こんにちは、ジーピーオンライン(@gpol_tw)のおきぬです!
スマートフォンの普及により、Webサイトの多くがモバイル端末から閲覧される時代になりました。その流れを受けて、Web制作の現場でも「モバイルファースト(スマホファースト)」の設計思想が定着しつつあります。
最近では、パソコンでアクセスしてもスマートフォンと同じレイアウトで表示される「スマホ特化デザイン」のサイトが増加中です。当社でもこのようなデザインのご依頼が増えており、制作現場でのニーズの高まりを実感しています。
しかし、スマホ特化デザインを進める際には、制作サイズやレスポンシブ時のブレイクポイントなど、制作基準に迷うことも多いのではないでしょうか。そこで今回は、スマホ特化デザインで制作されているWebサイトを調査し、画面サイズや最新トレンドについてまとめました。
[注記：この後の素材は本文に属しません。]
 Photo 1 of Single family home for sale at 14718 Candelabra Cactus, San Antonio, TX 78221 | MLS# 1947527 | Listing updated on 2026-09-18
スマホ特化デザインに関心のある方や、制作で活用したいと考えている方は、ぜひ参考になさってください。
スマホ特化デザインもおまかせください!
もくじ
スマホ特化デザインとは?
スマホ特化デザインは、スマートフォンでの表示や操作性を最優先に設計されたWebサイトのデザイン手法です。
従来のレスポンシブデザインでは、PC・タブレット・スマホそれぞれに最適化したレイアウトを用意しますが、スマホ特化デザインはPCで閲覧してもスマートフォンと同じ幅・レイアウトを維持するのが特徴です。情報量を絞り、モバイル端末での操作性や視認性を最優先に設計することが基本です。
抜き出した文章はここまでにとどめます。